Джозеф Конрад написал как-то своему приятелю, что было время, когда он чувствовал себя слепой, загнанной в угол крысой, ожидающей последнего удара палкой. Именно так мы себя и чувствовали тогда. Но нет горя без добра, кому-то из нас должно было повезти, и этим кем-то стал я.
Я разносил газеты, работал на печатном станке и делал игрушки, был стеклодувом, мальчиком-помощником у доктора и много кем еще, но, как и Сидни, даже во времена неудач и жалких попыток заработать на хлеб я никогда не забывал о своей мечте стать актером. Именно поэтому в промежутках между своими работами я начищал до блеска старые ботинки, чистил зубы, надевал чистый воротничок и отправлялся в театральное агентство Блэкмора на Бедфорд-стрит, около Стрэнда. Я делал это до тех пор, пока совершать периодические визиты мне позволяло состояние моей одежды.

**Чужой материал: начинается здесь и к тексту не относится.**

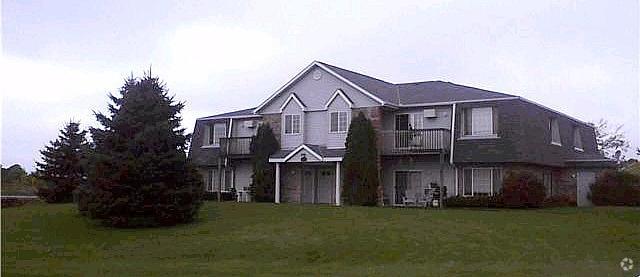 Building - Lakeview Meadow Apartments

Когда я впервые пришел в агентство, то увидел там множество безукоризненно одетых актеров и актрис, служителей Мельпомены, высокопарно беседующих друг с другом. С дрожью в ногах я стоял в самом дальнем углу, возле двери, едва ли не сгорая от робости и стыда, пытаясь хоть как-то скрыть от чужих глаз мой старенький костюмчик и потертые носки ботинок. Из глубины офиса время от времени выныривал молодой служащий и пронзал великолепную публику хлесткой, но значимой фразой: «Для вас ничего, и для вас, и для вас тоже». И вот однажды случилось так, что я остался совершенно один, и служащий, выглянувший из кабинета, посмотрел на меня и нетерпеливо спросил: «Ну что тебе?»